A liaison with Penelope produced a son, Pan. This personage is, of course, well known as the pipe-playing god of shepherds, and if not as quick as Dad, was definitely a swift runner.

As befits the patron of thieves, another son, Autolycus, the offspring of Chione and Hermes, became a great thief, and the grandfather of hero, Odysseus.  Hermes later helps rescue his great-grandson (twice) from harm during the latter's 10-year, post-Trojan War "Odyssey."

The Bacchus-like Silenus is sometimes claimed to be Hermes' son and Pan's brother; some legends say he is Pan's son. And there are many more sons and daughters, including some of the Argonauts. Hermes....was no hermit.


After changing heavenly citizenship (from Egyptian deity to Greek), his Egyptian center of worship became known as Hermopolis.  In Rome he had a temple near the Circus Maximus, on Aventine Hill.  It was the site of a trade fair.  Mercury also had a well near the Porta Capena.  Among the Celtics and Germans existed cults of Mercury worshippers.


The principal holiday for the merchant god was Mercuralia, May 15th (Drat! Missed it!). 

As one of the five "moving stars" or "planets", Mercury's name is the origin of "Wednesday." In French, this is 'mercredi', coming from the Latin 'Mercurii dies', or Mercury's day.


Hermes served as messenger for Zeus (though sometimes he job-shares with Iris, the goddess of the dawn) and as the some-time conductor of souls of the dead to Hades. He was also known as "the guide and giver of good."  Mercury, As one of Jupiter's favorites, he was considered the most entertaining, the most shrewd and the most resourceful god.  When Jupiter tired of Olympus, he chose Mercury to accompany him on forays to Earth, both disguised as mortals.

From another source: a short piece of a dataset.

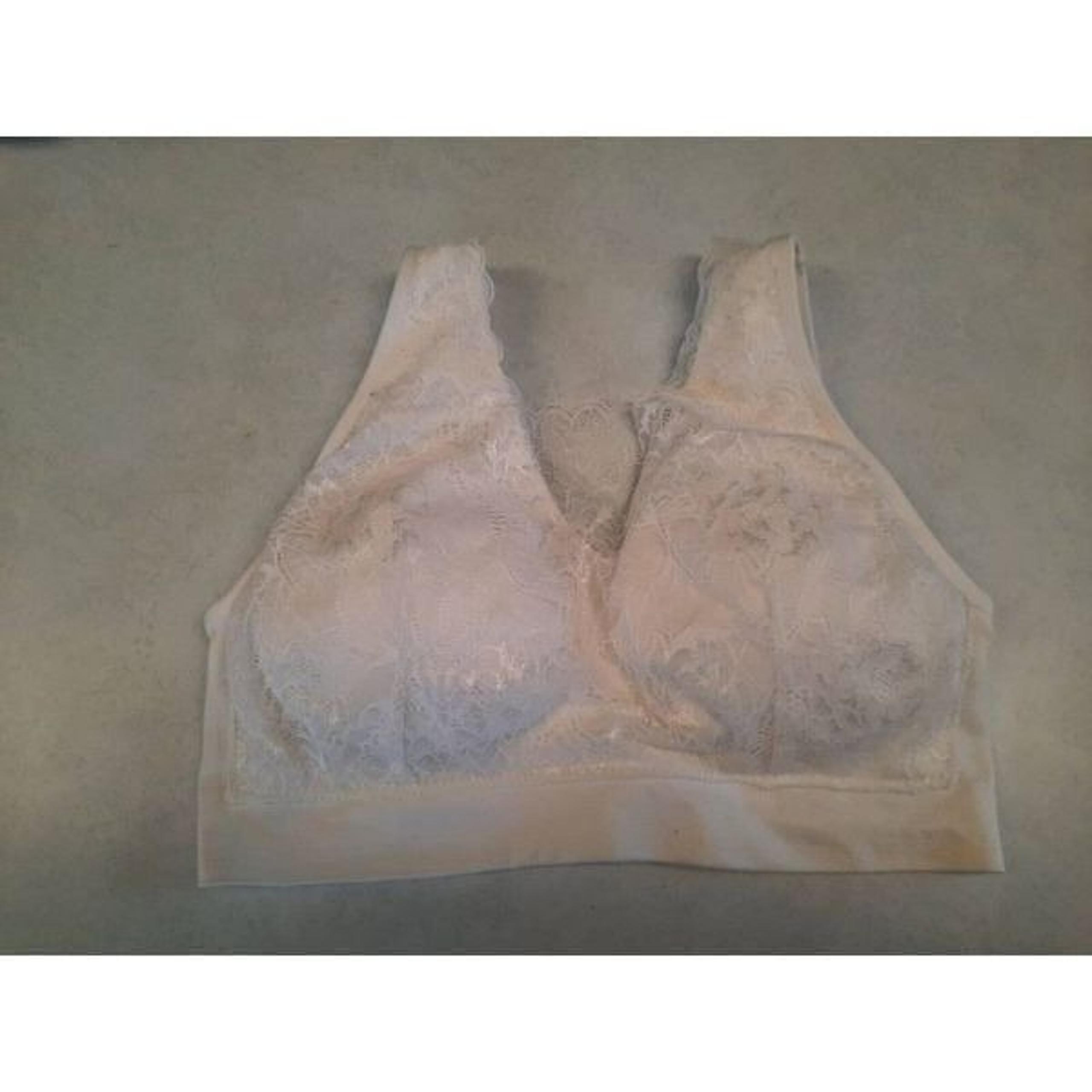 Breezies Womens Medium Lace Seamless Cami Bra - White - M A378013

In his job as messenger, he wears a broad-rimmed traveler's hat--called a petasos or petasus-- and talaria, or winged sandals, made "of imperishable gold which bore him swift as a breath of air over sea and earth," and carries a caduceus or herald's staff around which serpents or ribbons may be found. The caduceus is said to be able to charm men's eyes to sleep.  He also carries a purse (more like a money-bag actually....). The purse signifies his role as the Greek god of riches, trade and good fortune and the Roman god of trade, profit, merchants and travelers.  He took over the latter job from the Dei Lucre, early Roman deities of commerce (from which, I suspect, comes the phrase "lucrative").  Hermes also changed his name to Mercury at this time.  Among his personal favorite commercial activities was the corn trade.  Mercury's relationship to business and speed survive in words like "mercurial and mercantile."  Because of his speed he is sometimes considered a god of the winds.

To the Babylonians he was viewed as the bearer of riches. To the astrologers of the Renaissance he was the bringer of misfortune.

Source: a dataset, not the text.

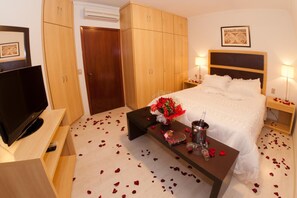 Minibar, in-room safe, desk, free WiFi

Mercury's `corporate logo' is often described as representing the messenger's caduceus or wand with two snakes curled around it.  In some versions of the logo's origin it is said to be Mercury in his winged hat or petasos.


To the Germans, he was Wodan.
To the Greeks, he was also known as Alipes (the one with winged feet).
To the pre-Roman Etruscans, he was Turms, guide of the deceased to the underworld, and messenger of the gods.
To the Egyptians, he was known as messenger of the gods, Thoth. As such, he was the origin of the deity Hermes Trismegistus, or "Thrice-great Hermes."  The three-part title comes from this version of Hermes being the Greek writer of astrological texts--responsible for occult arts including alchemy--the Egyptian god who invented hieroglyphics and calendar-keeping, and also a judge of the souls of the deceased.
To the Sumerians, he was Gud, a god favoring welcome rains, agricultural fertility and harvest abundance.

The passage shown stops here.